A problemática vem do protagonismo conferido a Plínio, artista branco, e da posição secundária conferida aos sambistas, sobretudo pela crítica. Geraldo, por exemplo, participava dos eventos do Teatro Popular Brasileiro, organizado por Solano Trindade, que tinha forte atuação no movimento negro e no Partido Comunista, e trazia essa experiência temática nas suas canções. Marchezin entrevistou Raquel Trindade, filha de Solano, com quem pode confirmar o mote do dramaturgo: “pesquisar na fonte e devolver ao povo na forma de arte”. Tal pensamento casa com sua pesquisa, uma vez que esses eventos em espaços próprios dessa cultura reforçavam os espaços de sociabilidade, que possibilitavam a discussão dessa problemática e da criação de encontros como os de Geraldo.
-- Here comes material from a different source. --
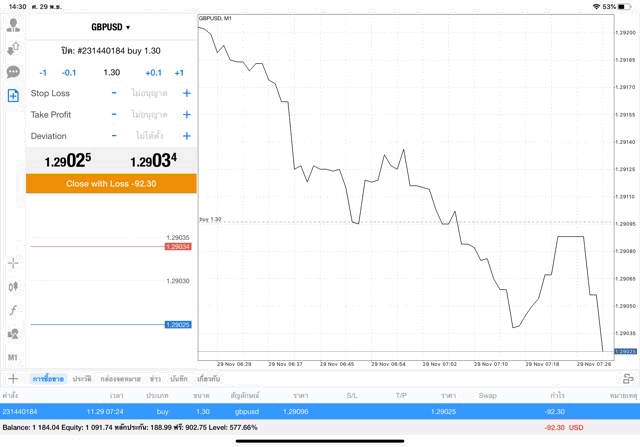 หุ้นออนไลน์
Desde modo, o sambista pôde registrar no álbum o que é ser negro dentro de uma perspectiva de transformação social em São Paulo, explicitando não só a cultura popular negra mas também esse processo de transformação.
Documentário O Legado de Solano Trindade
Na mesma linha, Zeca da Casa Verde e, principalmente, Toniquinho também são estudados. Uma vez que o ritmo paulista tem origens no interior, as referências rurais e elementos como o samba de bumbo encontrados na obra tem grande importância para a construção da narrativa musical e de marcos na cultura popular.
A criação de espaços e memórias em São Paulo
Lucas também trabalha na articulação entre uma memória histórica e uma memória coletiva, fundada a partir da experiência de grupos distintos e suas relações com o universo do samba, e como esses elementos se mesclam na construção de uma memória social sobre o samba de São Paulo, trazendo a discussão sobre a existência de um samba tipicamente paulista, diferente do carioca, com origem própria (das manifestações rurais), que se relaciona com determinadas experiências históricas, como a cena cultural na região de Embu das Artes.
Atualmente, de acordo com Marchezin, existem diversos espaços de sociabilidades da cultura negra, ilustradas, por exemplo, nas diversas escolas de sambas em diferentes regiões da cidade, o que mostra que essa temática não se prende somente à década de 70, na criação do álbum ou na oficialização do Carnaval paulista. "No fundo o que torna mais interessante toda essa discussão é pensar que essa discussão sobre a história do samba na cidade de São Paulo, as perspectivas dessa história ‒ que são perspectivas sobre a cidade, sobre o que é ser pobre e periférico, sobre o que é ser negro ‒ não é uma questão que deixou de existir, isso está em pauta ainda”, explica. “E essa memória social do samba não é só construída por aqueles que pesquisaram, mas também pelos seus agentes, é nessa relação que se constrói a memória, e isso ainda está em jogo".